**INSTRUCTIONS TO FOLLOW:** Please copy every line from the following entries in which the word "Cover" appears.

**TASK DATA:**
■ ■ ■ ■ ■ ■ ■

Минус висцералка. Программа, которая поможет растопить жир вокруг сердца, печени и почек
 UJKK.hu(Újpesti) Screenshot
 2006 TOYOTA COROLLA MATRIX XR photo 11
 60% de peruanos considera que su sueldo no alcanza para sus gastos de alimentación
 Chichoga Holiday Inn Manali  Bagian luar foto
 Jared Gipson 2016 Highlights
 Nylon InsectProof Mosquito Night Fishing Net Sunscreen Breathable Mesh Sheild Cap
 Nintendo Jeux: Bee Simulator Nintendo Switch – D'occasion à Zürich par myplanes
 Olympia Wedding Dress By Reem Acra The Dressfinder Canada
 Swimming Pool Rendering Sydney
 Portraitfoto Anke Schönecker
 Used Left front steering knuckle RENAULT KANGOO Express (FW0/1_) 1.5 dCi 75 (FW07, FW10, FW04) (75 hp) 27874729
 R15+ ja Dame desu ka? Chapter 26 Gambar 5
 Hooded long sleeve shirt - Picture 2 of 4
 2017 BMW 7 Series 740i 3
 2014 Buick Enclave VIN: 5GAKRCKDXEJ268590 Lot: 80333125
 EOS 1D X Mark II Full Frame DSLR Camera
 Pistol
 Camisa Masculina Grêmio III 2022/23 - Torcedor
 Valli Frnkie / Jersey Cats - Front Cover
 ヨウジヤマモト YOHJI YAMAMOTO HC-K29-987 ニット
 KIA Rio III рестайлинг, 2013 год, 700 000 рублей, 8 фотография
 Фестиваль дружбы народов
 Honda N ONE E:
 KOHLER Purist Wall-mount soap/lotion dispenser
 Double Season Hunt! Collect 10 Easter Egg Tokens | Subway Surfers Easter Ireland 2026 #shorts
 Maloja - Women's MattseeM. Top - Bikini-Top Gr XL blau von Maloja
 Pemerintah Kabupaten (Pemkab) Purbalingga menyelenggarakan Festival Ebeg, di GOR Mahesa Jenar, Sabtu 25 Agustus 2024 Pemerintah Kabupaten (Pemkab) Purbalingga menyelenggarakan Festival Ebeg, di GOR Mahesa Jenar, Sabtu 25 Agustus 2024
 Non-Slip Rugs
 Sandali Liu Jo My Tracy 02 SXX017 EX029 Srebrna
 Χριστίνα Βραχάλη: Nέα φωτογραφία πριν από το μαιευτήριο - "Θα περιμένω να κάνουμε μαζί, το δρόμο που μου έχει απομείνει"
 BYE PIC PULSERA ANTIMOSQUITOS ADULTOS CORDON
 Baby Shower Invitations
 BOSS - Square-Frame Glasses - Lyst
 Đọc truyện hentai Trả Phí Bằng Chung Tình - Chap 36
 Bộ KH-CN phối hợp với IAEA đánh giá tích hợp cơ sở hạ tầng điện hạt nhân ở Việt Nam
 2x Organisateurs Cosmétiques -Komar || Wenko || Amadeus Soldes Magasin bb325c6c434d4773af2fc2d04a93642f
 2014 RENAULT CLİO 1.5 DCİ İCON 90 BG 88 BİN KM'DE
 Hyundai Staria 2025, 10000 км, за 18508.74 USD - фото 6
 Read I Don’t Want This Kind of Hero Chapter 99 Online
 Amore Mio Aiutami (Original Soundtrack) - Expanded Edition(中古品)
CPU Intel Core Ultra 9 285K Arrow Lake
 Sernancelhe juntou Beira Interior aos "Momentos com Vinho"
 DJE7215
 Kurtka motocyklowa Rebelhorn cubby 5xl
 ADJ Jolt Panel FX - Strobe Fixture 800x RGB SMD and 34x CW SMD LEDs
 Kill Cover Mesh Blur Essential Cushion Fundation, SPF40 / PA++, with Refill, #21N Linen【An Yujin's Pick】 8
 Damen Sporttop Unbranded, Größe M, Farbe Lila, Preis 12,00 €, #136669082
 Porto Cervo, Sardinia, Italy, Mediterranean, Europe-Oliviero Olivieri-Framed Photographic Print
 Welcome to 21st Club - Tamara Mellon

■ ■ ■ ■ ■ ■ ■

**TASK RESULT:**
 Valli Frnkie / Jersey Cats - Front Cover
 Kill Cover Mesh Blur Essential Cushion Fundation, SPF40 / PA++, with Refill, #21N Linen【An Yujin's Pick】 8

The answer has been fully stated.